I did some exploratory data analysis with Tableau on the Ames housing dataset from the eponymous Kaggle competition. Time to switch to R for uglier if more informative plots: I will use Added Variable Plots to get further insight on the interactions between variables in predicting the price of a house.
First of all I selected a handful of features to concentrate on. Instead of going by gut feeling, I used the importance score from randomForest, since I had already written a script using that function. The importance drops sharply after the 11th feature, so I stuck to the first 11, which happen to be more or less the same that I considered in the previous visualisations.
With these variables I set up a linear model in R using lm. I use the function avPlots from the car library to do some regression diagnostics on the model. Warning: ugly plots to follow.
This is the added variable plot for the most important variable, the Overall Quality score. Added variable plots are a way to look at the effect of an independent variable on the dependent variable in a regression with multiple independent variables, as is our case. They are explained well here. Let’s just say that they are like looking at the regression residuals as a function of the given variable, but better, because they take into account correlations between the independent variables. Do use these plots every time you run a regression, please.

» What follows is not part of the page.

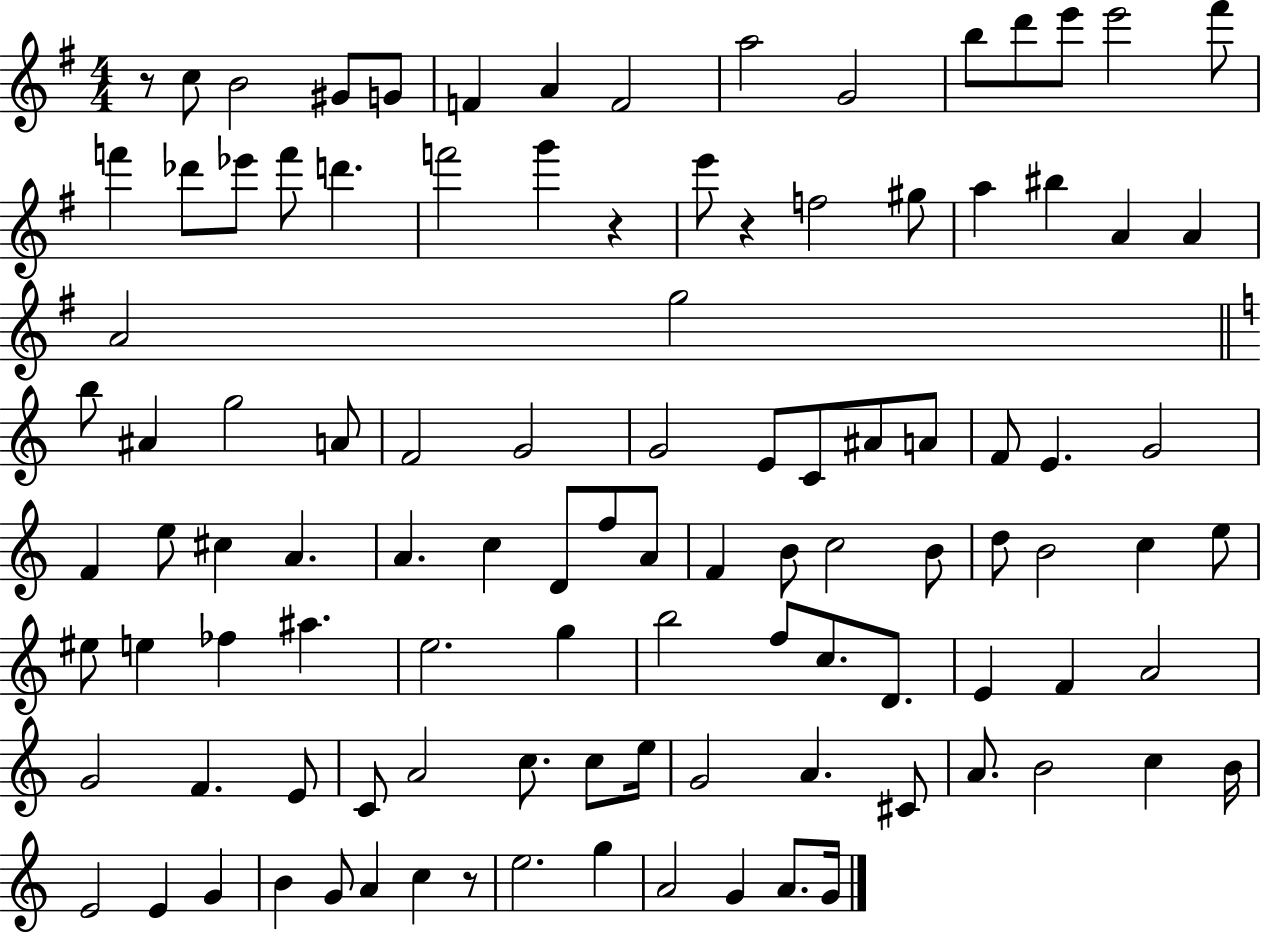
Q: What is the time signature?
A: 4/4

Anyway, we see that the sale price increases OverallQual, no surprises here. The relation seems linear and not overly affected by outliers. So we can move on.
GrLivArea doesn’t look linear. There is also an ugly outlier in the lower-right corner (around (1500, -0.4)) that has lots of leverage on the regression. Let’s address the non-linearity first. I already had the feeling that a log transform would improve the situation even before seeing the plot, because of the large range in area covered by the dataset: so let’s switch to log GrLivArea.
So this is the added variable plot for log GrLivArea in a new model where GrLivArea was replaced by its log. This looks so much better, and the outlier also magically disappeared. The adjusted R-square of the model also went up a little bit, from 0.849 to 0.857. Let’s move on to another feature: YearBuilt.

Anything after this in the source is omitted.